■ EXERCISE AIM ■
Where a line of the entries holds the string "Amazon", copy that line.

☆ ☆ ☆ ☆

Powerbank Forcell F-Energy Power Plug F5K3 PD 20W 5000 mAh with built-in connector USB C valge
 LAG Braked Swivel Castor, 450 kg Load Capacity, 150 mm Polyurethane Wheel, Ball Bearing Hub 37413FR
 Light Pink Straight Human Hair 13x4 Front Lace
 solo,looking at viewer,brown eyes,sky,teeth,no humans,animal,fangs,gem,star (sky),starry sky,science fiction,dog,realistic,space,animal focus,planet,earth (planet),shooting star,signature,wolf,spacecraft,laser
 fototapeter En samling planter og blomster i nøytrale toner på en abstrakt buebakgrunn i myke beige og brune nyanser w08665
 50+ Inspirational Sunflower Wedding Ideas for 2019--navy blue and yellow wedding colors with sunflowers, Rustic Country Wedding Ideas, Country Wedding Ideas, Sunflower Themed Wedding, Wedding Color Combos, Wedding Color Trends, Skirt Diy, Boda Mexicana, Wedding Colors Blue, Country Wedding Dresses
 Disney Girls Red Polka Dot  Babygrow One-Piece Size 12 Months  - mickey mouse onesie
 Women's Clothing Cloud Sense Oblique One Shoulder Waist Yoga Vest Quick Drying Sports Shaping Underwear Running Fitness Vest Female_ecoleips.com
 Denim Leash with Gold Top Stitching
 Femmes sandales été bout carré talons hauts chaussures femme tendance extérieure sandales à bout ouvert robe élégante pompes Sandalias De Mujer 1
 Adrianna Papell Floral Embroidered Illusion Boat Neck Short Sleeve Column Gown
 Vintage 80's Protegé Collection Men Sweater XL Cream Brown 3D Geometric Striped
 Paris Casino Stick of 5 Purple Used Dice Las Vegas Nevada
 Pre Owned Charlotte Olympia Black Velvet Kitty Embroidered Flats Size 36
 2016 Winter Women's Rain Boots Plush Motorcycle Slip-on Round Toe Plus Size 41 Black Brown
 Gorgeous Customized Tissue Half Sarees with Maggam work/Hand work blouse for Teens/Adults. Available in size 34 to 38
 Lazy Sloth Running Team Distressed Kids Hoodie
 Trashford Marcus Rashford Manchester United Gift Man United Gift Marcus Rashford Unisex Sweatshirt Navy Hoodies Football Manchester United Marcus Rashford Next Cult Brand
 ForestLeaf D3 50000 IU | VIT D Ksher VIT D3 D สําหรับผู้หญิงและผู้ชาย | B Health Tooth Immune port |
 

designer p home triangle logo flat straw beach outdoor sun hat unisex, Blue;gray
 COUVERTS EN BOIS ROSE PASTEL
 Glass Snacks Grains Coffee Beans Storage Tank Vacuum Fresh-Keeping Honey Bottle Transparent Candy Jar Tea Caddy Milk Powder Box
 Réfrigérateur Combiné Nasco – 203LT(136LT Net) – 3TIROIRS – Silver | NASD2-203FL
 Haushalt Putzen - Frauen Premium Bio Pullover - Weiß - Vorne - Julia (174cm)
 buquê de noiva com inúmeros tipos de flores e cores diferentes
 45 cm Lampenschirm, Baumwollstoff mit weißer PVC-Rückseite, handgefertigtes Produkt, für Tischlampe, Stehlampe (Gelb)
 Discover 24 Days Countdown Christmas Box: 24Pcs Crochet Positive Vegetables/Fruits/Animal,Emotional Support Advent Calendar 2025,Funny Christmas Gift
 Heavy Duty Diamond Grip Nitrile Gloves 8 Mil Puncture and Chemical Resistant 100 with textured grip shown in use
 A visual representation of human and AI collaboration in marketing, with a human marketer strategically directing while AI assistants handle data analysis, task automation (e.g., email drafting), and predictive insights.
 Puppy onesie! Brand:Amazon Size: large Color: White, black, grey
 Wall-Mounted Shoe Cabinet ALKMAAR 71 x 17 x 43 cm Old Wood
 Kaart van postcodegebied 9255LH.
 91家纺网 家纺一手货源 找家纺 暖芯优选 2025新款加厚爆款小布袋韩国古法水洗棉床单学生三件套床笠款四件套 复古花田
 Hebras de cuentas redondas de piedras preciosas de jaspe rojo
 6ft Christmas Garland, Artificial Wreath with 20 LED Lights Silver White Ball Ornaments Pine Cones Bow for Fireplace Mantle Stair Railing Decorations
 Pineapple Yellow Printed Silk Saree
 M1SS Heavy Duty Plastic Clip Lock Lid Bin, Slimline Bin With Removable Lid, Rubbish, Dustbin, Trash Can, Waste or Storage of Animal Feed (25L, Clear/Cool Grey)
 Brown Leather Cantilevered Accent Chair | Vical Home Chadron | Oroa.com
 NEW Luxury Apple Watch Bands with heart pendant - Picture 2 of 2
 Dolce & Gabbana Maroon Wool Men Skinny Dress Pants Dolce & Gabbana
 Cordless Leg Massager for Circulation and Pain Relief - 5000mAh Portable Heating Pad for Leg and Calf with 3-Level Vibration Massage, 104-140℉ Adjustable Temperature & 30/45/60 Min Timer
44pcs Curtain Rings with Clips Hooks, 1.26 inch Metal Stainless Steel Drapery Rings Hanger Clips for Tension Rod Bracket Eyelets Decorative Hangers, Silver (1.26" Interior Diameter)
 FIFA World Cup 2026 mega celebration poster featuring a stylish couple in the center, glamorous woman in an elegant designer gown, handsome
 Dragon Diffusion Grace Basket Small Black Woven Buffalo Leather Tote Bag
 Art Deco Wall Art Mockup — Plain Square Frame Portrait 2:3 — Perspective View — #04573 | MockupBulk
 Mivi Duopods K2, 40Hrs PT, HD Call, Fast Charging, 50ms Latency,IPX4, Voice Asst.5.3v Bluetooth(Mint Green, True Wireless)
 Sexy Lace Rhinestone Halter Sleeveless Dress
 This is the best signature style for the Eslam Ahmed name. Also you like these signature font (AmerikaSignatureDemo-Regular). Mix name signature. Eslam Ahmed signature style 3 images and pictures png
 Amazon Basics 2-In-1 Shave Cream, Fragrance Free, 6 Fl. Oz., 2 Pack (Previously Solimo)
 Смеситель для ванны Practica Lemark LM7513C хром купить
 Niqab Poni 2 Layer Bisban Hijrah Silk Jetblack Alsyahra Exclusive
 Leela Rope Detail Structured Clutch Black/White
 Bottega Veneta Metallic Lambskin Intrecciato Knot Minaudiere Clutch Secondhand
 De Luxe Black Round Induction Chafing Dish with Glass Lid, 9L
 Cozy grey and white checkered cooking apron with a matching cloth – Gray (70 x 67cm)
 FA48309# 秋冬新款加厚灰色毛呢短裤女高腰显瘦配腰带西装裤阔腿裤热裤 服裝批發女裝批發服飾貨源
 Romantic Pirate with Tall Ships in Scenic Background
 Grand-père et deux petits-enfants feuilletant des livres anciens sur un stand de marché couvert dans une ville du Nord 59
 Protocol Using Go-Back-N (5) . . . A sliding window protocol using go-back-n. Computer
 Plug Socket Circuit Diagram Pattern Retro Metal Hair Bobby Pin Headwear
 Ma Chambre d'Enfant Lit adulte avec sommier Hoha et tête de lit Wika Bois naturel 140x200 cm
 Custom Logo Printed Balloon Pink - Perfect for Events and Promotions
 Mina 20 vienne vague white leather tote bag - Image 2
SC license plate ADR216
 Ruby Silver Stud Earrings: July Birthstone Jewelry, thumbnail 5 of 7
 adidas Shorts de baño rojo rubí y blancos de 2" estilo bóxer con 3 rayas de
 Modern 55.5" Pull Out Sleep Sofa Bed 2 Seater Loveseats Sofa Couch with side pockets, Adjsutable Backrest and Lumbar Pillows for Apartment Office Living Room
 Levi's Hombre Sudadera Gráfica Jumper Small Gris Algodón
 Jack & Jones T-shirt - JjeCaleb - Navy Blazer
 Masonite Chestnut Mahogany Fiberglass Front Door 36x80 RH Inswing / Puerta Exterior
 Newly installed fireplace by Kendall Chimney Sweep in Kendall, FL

☆ ☆ ☆ ☆

■ SOLUTION ■
 Puppy onesie! Brand:Amazon Size: large Color: White, black, grey
 Amazon Basics 2-In-1 Shave Cream, Fragrance Free, 6 Fl. Oz., 2 Pack (Previously Solimo)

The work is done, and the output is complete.